The crypto analyst also highlighted how these LRT stablecoins are at huge risk, considering that they derive their actual backing from ETH. As such, if ETH declines considerably, they could depeg instantly. In the worst-case scenario, these stablecoins could also go to zero, Duo Nine added. He noted this could cause a “liquidation cascade” and panic set in. 

Furthermore, Duo Nine warned of a platform like Blast, the layer-2 network which will use LST tokens and stablecoins backed by these LSTs to provide “native yield” to its users. He explained that a business model like this comes with huge risks as it puts users in jeopardy if an entire network like Blast becomes insolvent due to greed. 

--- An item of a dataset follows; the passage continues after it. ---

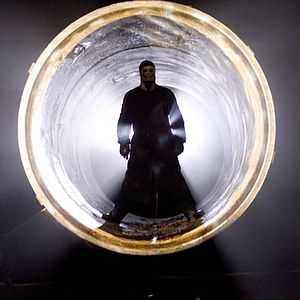 Bilder Memory - Wenn Gedanken töten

To prove his theory about the dangers of such stablecoins, he alluded to Terra’s UST implosion, which caused the algorithmic stablecoin to run down. Terra is said to have also leveraged magic money to back the stablecoin “while pretending it was real.” Eventually, greed took over, Duo Nine claimed. 

Why Crypto Users Should Be Concerned

Duo Nine elaborated on how this phenomenon can eventually affect native ETH holders and crypto users in general. He highlighted a situation where this LRT bubble grows to $50 billion and only has an actual backing of $5 billion in ETH or even less. 

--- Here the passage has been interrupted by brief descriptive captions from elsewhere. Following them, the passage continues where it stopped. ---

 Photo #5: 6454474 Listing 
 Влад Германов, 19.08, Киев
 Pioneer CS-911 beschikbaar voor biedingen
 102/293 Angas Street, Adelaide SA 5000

Such an imbalance could cause a crash in the market in a situation where traders are looking to offset significant portions of their LST and LRT tokens. 

The crypto analyst stated that this would eventually cause LST and LRT tokens to crash while ETH’s price could also decline significantly. Meanwhile, the stables backed by LST/LRT tokens depeg or run to zero. This crash could also spiral beyond the Ethereum ecosystem, as crypto users could look to Bitcoin as the “liquidity of last resort” in a bid to exit their positions.